Philatelistisch heißt dies, dass es sich bei den Probedrucken Michel-Nr. X-IX um Makulatur handelt. Wie heißt es dazu so schön im Lexikon der Philatelie: Gestohlene Makulatur wird mitunter als 'seltene Abart' in den Handel gebracht, kann hin und wieder auch bei der Revision durchschlüpfen. (Gallert und Gruschke, Lexikon der Philatelie, 4. Auflage, S. 271)

Historische Erkenntnisse ergeben sich aus der methodologisch korrekten Auswertung aller vorhandenen historischen Materialien, so wie sie zum gegenwärtigen Stand der geschichtswissenschaftlichen Forschung bekannt sind. Augenzeugenberichte gehören zu den unzuverlässigsten historischen Quellen, die es gibt, weil jede Erinnerung in der Gegenwart erfolgt und die Vergangenheit verzerrt (siehe z.B. Erll, Kollektives Gedächtnis und Erinnerungskulturen, Stuttgart 2005). Zeitgenössische Dokumente, wie z.B. Rechtsvorschriften und Erlasse, Protokolle, Fotos etc. sind wesentlich wichtigere Grundlagen historischer Erkenntnis.

Im vorliegenden Fall ist die Plünderung der Wiener Staatsdruckerei ein historischer Fakt, weil lückenlos nachgewiesen werden kann, das es keinen Zeitpunkt gab, an dem die Mitnahme der Druckkartons erlaubt gewesen wäre. Daran könnte kein Augenzeugenbericht etwas ändern.

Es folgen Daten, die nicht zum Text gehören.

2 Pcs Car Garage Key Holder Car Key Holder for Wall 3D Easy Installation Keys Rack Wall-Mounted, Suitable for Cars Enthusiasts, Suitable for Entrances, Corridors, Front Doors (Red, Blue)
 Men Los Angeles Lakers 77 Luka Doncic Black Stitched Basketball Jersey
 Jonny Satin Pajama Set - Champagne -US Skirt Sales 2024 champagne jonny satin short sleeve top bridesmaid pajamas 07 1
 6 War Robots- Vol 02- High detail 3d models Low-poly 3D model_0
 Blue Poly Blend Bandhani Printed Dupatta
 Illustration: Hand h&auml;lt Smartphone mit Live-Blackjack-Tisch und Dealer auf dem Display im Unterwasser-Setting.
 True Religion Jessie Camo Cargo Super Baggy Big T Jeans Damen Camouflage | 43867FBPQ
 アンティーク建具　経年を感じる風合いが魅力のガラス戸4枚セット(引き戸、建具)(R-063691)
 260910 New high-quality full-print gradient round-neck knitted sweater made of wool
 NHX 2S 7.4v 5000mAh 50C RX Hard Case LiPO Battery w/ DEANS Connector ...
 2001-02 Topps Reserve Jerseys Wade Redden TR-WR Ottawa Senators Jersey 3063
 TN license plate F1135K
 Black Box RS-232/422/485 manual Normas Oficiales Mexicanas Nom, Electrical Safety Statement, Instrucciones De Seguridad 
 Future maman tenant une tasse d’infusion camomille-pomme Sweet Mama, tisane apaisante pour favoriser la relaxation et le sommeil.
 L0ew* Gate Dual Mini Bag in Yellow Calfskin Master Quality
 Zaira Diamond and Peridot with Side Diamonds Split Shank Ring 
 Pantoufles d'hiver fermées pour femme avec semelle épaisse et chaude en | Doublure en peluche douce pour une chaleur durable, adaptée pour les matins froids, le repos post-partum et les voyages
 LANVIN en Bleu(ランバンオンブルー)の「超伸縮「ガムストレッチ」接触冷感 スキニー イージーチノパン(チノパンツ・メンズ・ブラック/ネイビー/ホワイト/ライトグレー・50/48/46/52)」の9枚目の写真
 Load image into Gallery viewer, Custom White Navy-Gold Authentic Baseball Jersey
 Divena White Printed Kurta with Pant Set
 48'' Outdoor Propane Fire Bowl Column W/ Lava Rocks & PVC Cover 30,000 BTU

Solange niemand Belege vorweisen kann, die feststellen, dass in Wien ein Augenblick bestanden hat, in dem die Mitnahme von Druckkartons aus der Staatsdruckerei legal gewesen ist, handelt es sich um bei der Feststellung, dass Michel-Nr. X-XI illegale Makulaturware sind, die nach hohen Standards der Philatelie kein philatistisches Material darstellen, um einen wissenschaftlichen Fakt. Das es sich dabei um "morbide Machwerke" handelt, die mit einem "FALSCH"-Stempel versehen werden sollten, kennzeichne ich hiermit als meine persönliche Meinung.

Meine Meinung muss niemand teilen, und dass es Leute gibt, die niedrigere philatelistische Standards bevorzugen ist bekannt und ebenfalls erlaubt - das ändert allerdings an den wissenschaftlichen Fakten nichts.